La cuestión era cómo conjugar esas posiciones, cómo encontrar denominadores comunes que permitiesen el consenso en torno a los principales problemas que se planteaban entonces, conscientes de que la Conferencia de Roma presentaba quizás la última oportunidad para realizar esta idea. Armonizar los diversos sistemas jurídicos, el common law y el civil law, no era fácil. Tampoco armonizar las legislaciones internas y menos aún las visiones políticas e incluso las diferencias sociales, culturales y hasta religiosas.

Pero finalmente se logró la adopción del Estatuto, gracias al empeño de los países que la promovían con mayor entusiasmo y a la presión positiva de la sociedad civil que por primera vez participa formalmente en un proceso de negociaciones internacionales de esta naturaleza. Un Estatuto que conjuga el Derecho Penal y el Derecho Internacional, que refleja a la vez un Código Penal y un Código de Procedimiento Penal. Una Corte permanente para enfrentar las atrocidades que se cometían y se siguen cometiendo en el mundo.

Venezuela estuvo presente, más desde 1991, en el proceso de negociaciones, en la Sexta Comisión de la Asamblea General, en los Grupos y Comisiones creados por la Asamblea y en Roma. Nuestra delegación, de la que tuve el honor de formar parte junto a excelentes juristas, Milagros Betancourt Catalá y Norman Monagas Lesseur (+), hizo aportes importantes sobre algunos temas, entre los cuales, el sistema de penas, la definición de los crímenes, la responsabilidad penal individual, la creación de una organización internacional. Venezuela fue el primer país de la región en ratificarlo.

Con la entrada en vigor del Estatuto, el funcionamiento de la Corte Penal Internacional, una institución en la cual todos hemos depositado nuestra confianza, pues es, sin duda, la herramienta más importante que tenemos a la mano para enfrentar la impunidad por los crímenes internacionales más repudiados y para aplicar justicia y responder a las víctimas. Es cierto que no todos confían en ella. También que tiene ciertas debilidades. Todavía no es una Corte realmente universal, pues actores importantes se han negado a participar para cuidar “sus soberanías” y sus intereses: Estados Unidos, Rusia, China, India, Israel.

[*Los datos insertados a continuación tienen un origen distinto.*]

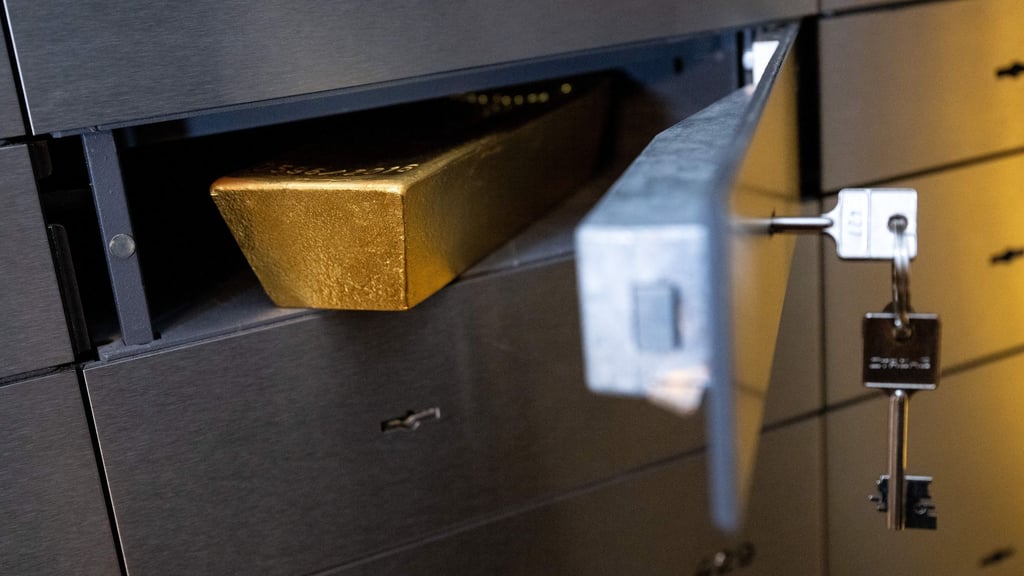 Nach Einbrüchen wächst die Unsicherheit: Wie sicher sind Wertsachen bei der Bank? (Symbolbild)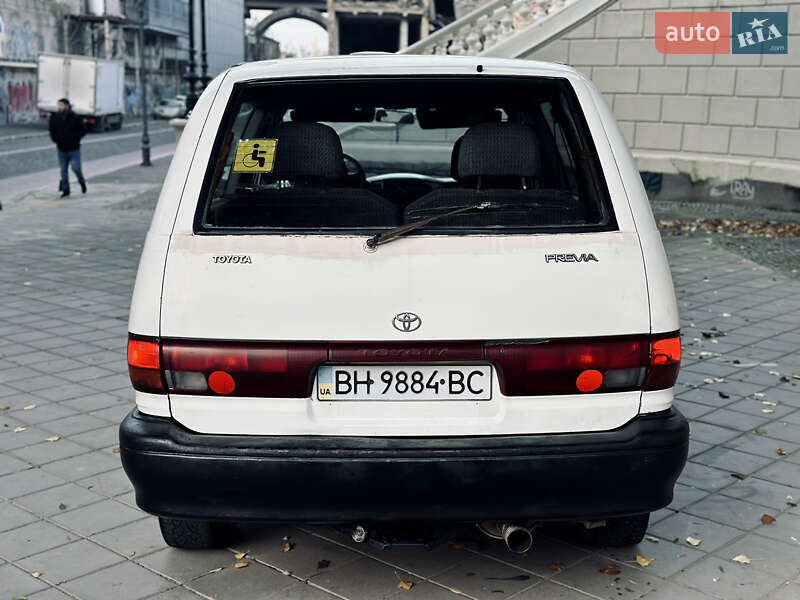 Минивэн Toyota Previa 1993 в Одессе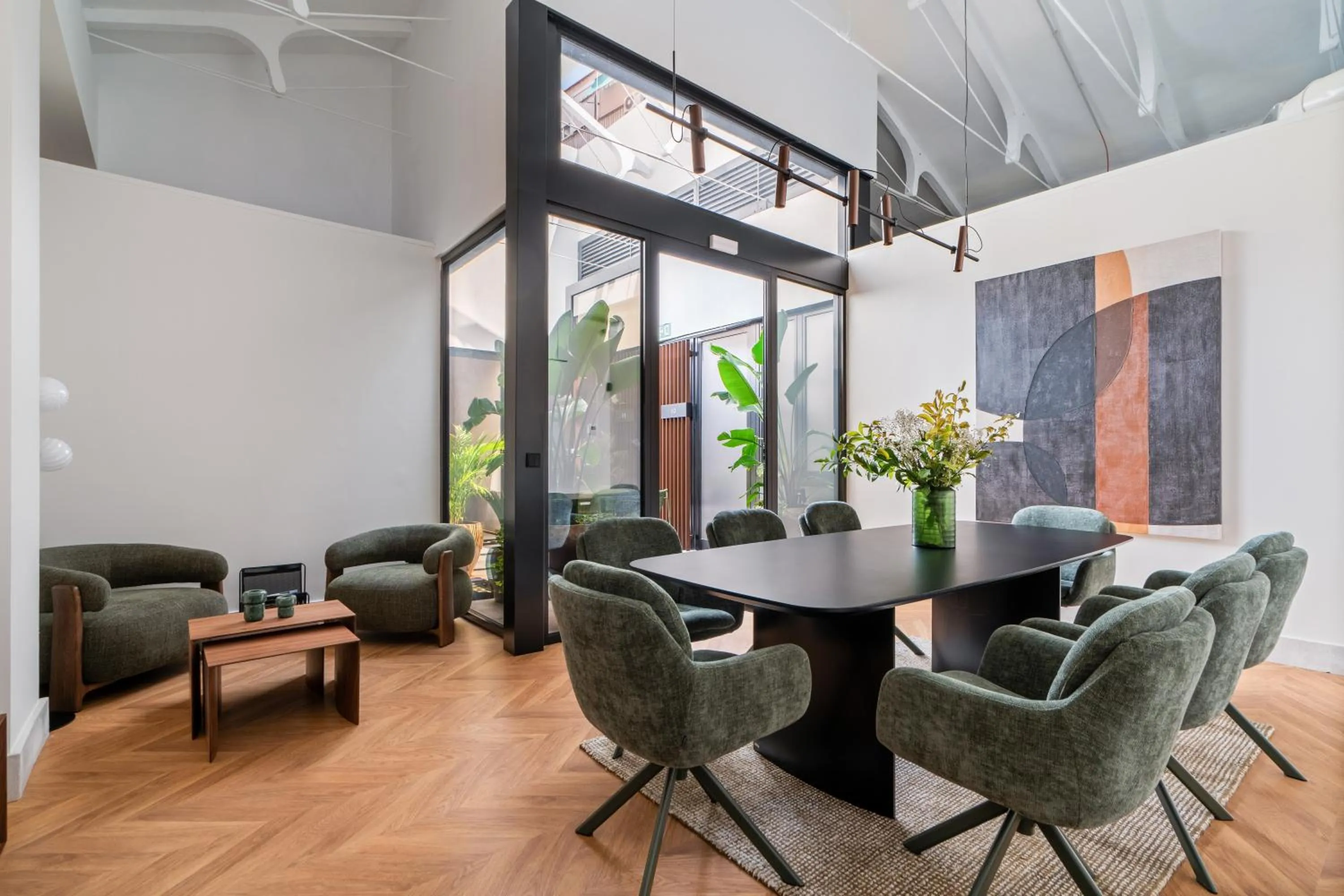 Business facilities in Pacifico Suites near Retiro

La comunidad internacional, que no se limita a los Estados y que abarca a la sociedad civil, a la gente en el mundo, espera que la Corte funcione eficaz y eficientemente y que sea útil para garantizar el pleno respeto de los derechos humanos en el mundo, prevenir las tragedias que hemos visto los últimos años por conflictos inútiles, por la violencia de Estado perpetrada por regímenes que solo buscan permanecer en el poder para satisfacer las ambiciones personales de sus dirigentes.

La comunidad internacional tiene plena confianza en la Corte que debe enfrentar los retos que imponen las circunstancias. La cooperación es esencial en su funcionamiento. La Corte debe cooperar con los Estados para que cumplan con su deber primordial de sancionar a los responsables de los crímenes internacionales de mayor trascendencia, aunque cuando ello no es posible se activa su jurisdicción complementaria. Pero también, los Estados deben cooperar con ella para que sea más eficiente y eficaz. Las grandes potencias ausentes deben aceptar su importancia y la necesidad que tengamos una instancia realmente universal y adherir cuanto antes al Estatuto, cooperar con ella y así evitar que se sigan cometiendo crímenes internacionales o violaciones sistemáticas o generalizadas de derechos humanos.